I represent the family that has most certainly continually lived in this valley longer than most any other of the residents. There have been Botchford land owners here since the early 19th century. Our great grandfather Henry Jay Botchford represented the valley as a officer and recognized hero in New York's 44th regiment during the Civil War. Responses to my earlier letters to the Shandaken media accused this same war hero of amassing a family fortune from his tanning and lumber enterprises following the war. I can only say my family has since spent many amusing hours searching to no avail for any evidence of this so called fortune!
The fact is my family, like most other residents of the Woodland Valley, struggle to pay our taxes, protect and conserve our property, and be good and considerate neighbors. Most of our neighbors came to the public hearing on Mr. Poncic's proposal. As many recall, of the 150 people who attended only Mr. Poncic himself was in favor of this project! That's 149 to 1. I doubt if any other issue concerning the Woodland Valley has ever garnered as strong and united protest. The government of Shandaken and all others who may be involved simply have to listen to us and understand that we are carefully watching.
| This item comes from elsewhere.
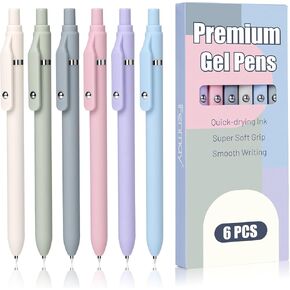 Gel Pens, 6 Pcs Smooth Writing Pens No Bleed & Smear, Black Ink Cute Pens Fine Point (0.5mm), Retractable Aesthetic Pens School Office Supplies for Women & Men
It would be a travesty if our united voice is ignored!
Sincerely yours,
Henry Jay Botchford III
Woodland Valley, NY

Dear Editor,
"We don't want it!" When I think about my personal response to the Poncic water Plant proposal, I feel like a broken record. I expressed this same sentiment some months back in a letter to the Phoenicia Times.
But as simple as this sentiment is, there isn't, in my opinion, a whole lot more to be said on the matter. Sure, we can all go on endlessly about the potential environmental impact on Woodland Valley, the economic implications of possible damage done to the road, the safety of our children and pets (and ourselves), the aesthetic implications, property values, the effect on the trout etc etc etc.. But is it really necessary? It can all be summed up in one simple phrase :"We don't want it!"
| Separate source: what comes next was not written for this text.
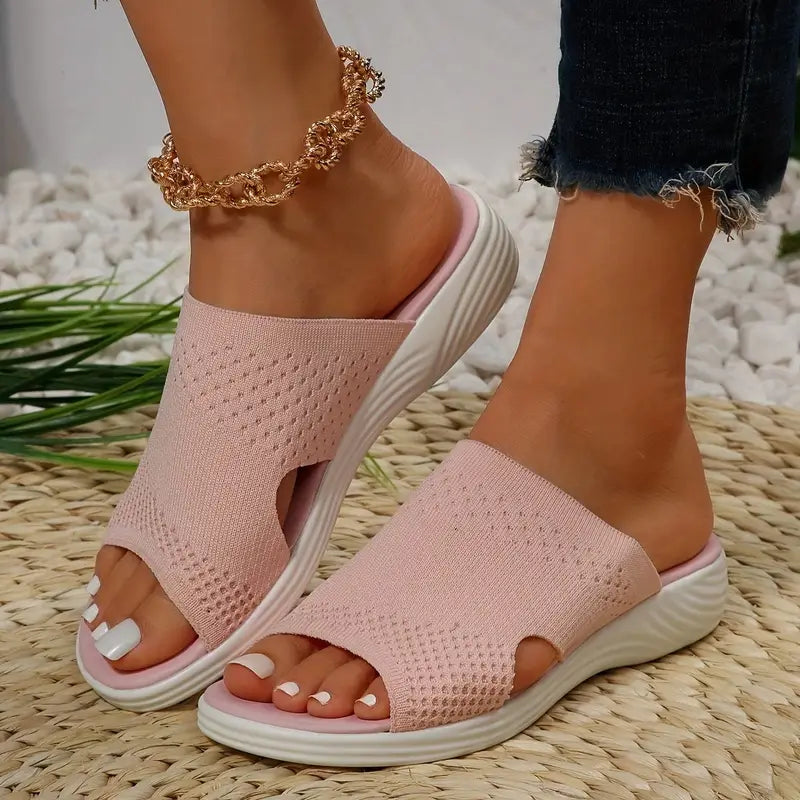 Comfortable Wedge Sandals with Knit Upper and Cushioned Platform Sole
At the public hearing some months ago at the Shandaken Town Hall, a gentleman stood up and offered what to me was the most compelling observation of the evening. He pointed out that this situation is somewhat unique as far as debates go. Generally in a situation such as this, two sides present their respective points of view, and the arguments are then examined and decided upon.
What makes this unique is the dramatic detail that in that room sat some 150 people opposed to the project, and one lone advocate- the ONLY person standing to gain from it's passing.
This is a very unusual debate indeed, where ONE person's gain is being considered over the objections of an entire community, who fears loss of quality of life as a result. We don' want it.
While I assume we all recognize and respect a landowner's right to exploit his or her property as he/she sees fit, doesn't that right need to be granted only after some consideration is given to how it's granting will affect the lives and property of all others around it?? And more importantly, isn't it the job of local government to consider the wishes of it's constituents and act accordingly with their well-being in mind? Well-I think our wishes are overwhelmingly clear--We don't want it. It's not a majority point of view--the sentiment is 100 percent unanimous! Or should i say 99%? How often does one see such a thing?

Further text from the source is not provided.